- Task prompt
Reproduce the whole listing that follows, character for character, and drop the images.

- Provided data
□ □ □

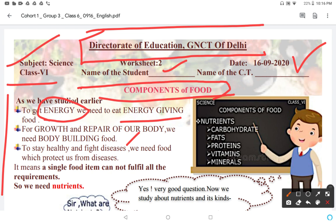It means a single food item cannot fulfill all the requirements of the body. So we need nutrients.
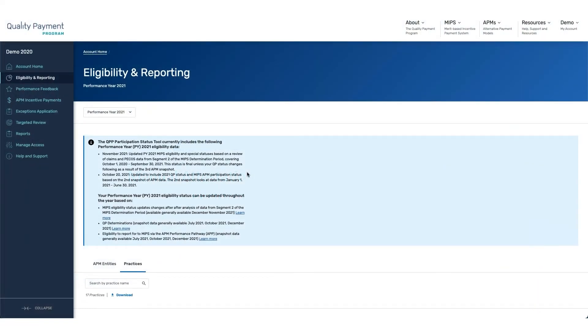In this demo, we are going to look at reporting the Promoting Interoperability category and the requirements associated.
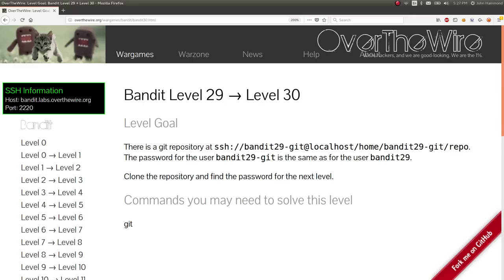Hey guys, John Hammond here, continuing on some of the Bandit Over the Wire levels that just recently came out. Looking at level 29, and it looks like they're up to like level 32 now. So let's jump in.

□ □ □

- Task result
It means a single food item cannot fulfill all the requirements of the body. So we need nutrients.
In this demo, we are going to look at reporting the Promoting Interoperability category and the requirements associated.
Hey guys, John Hammond here, continuing on some of the Bandit Over the Wire levels that just recently came out. Looking at level 29, and it looks like they're up to like level 32 now. So let's jump in.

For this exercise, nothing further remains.